For compost to heat up, I knew, one needs both nitrogen and carbon-based materials. Manure has plenty of nitrogen, hay and leaves are rich in carbon. So in the bottom of the pit I tossed in a layer of old hay, then I added 4-inches of manure, then a layer of hay and leaves, then another 4 inches of manure. Finally, using the good top soil I’d set aside when digging the pit, I filled up the pit.

 

Did it work? You bet! When the air outside is 40 degrees inside my “hot box” it is 55 degrees. At night my box keeps the air 10 to 15 degrees warmer than outside air.

 

Into this deluxe new domain for plants I planted 5 red cabbage starts, a dozen lettuce plants, 3 clumps of watercress, a few Swiss chard plants and 3 cilantro. All of those I’d started indoors a month earlier. I have room for some spinach that I will start by seed.

 

Bottom heat is good for quick germination and growth, so I imagine fresh salads tomorrow! Oh, okay, not that fast, but certainly much sooner than I would have them if I was depending on Mother Nature to warm the soil and air.

 

The only worry I have is that some morning I will leave the house for the day and forget to prop open the lids of the frame. If the sun comes out it could get lethally hot. But as a dedicated gardening guy, I guess I just need to put a reminder with my car keys!
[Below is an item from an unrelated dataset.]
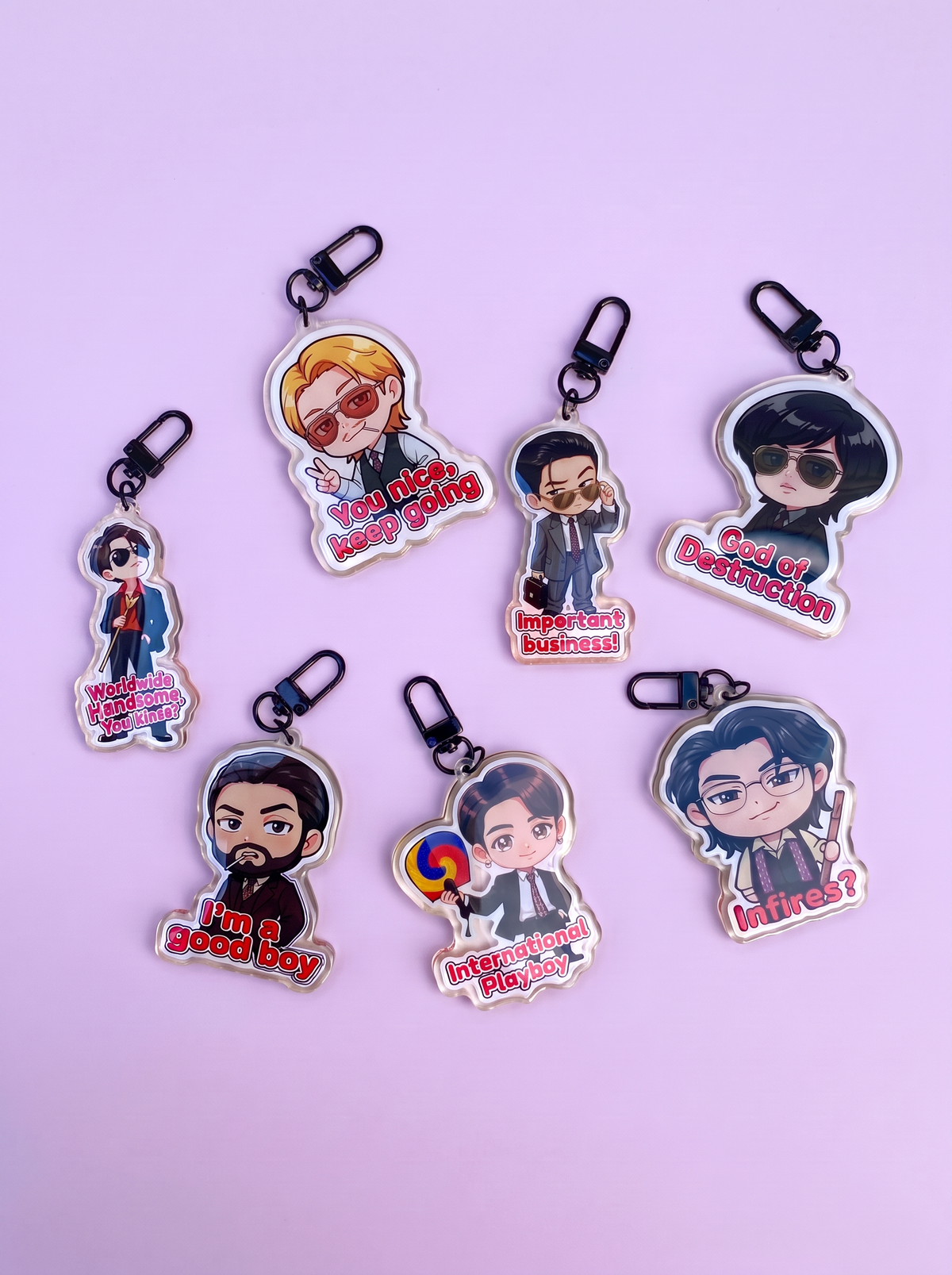 OT7 Iconic Meme & Quote Acrylic Keychain Set (7-Piece Pack)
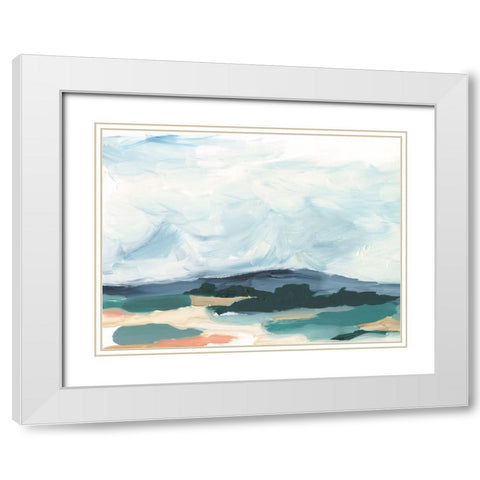 Pastel Vista I White Modern Wood Framed Art Print with Double Matting by Harper, Ethan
That should prevent any “heat emergencies”.

 

Deer Repellant

Deer Repellant

On another note, tulips are coming into blossom for me. I protect mine from the deer with a makeshift fence and some garlic spikes. The garlic spikes are small plastic cylinders with a clip to attach to a twig or fence and food-grade garlic oil inside. A barrier requires you to activate them by puncturing the seal with a little tool they provide. Once opened, they are stinky! Available at garden centers or on-line (www.plantprotec.com). They claim to provide protection for 6 months or more, though a fence is your best protection if there are a lot of hungry deer around.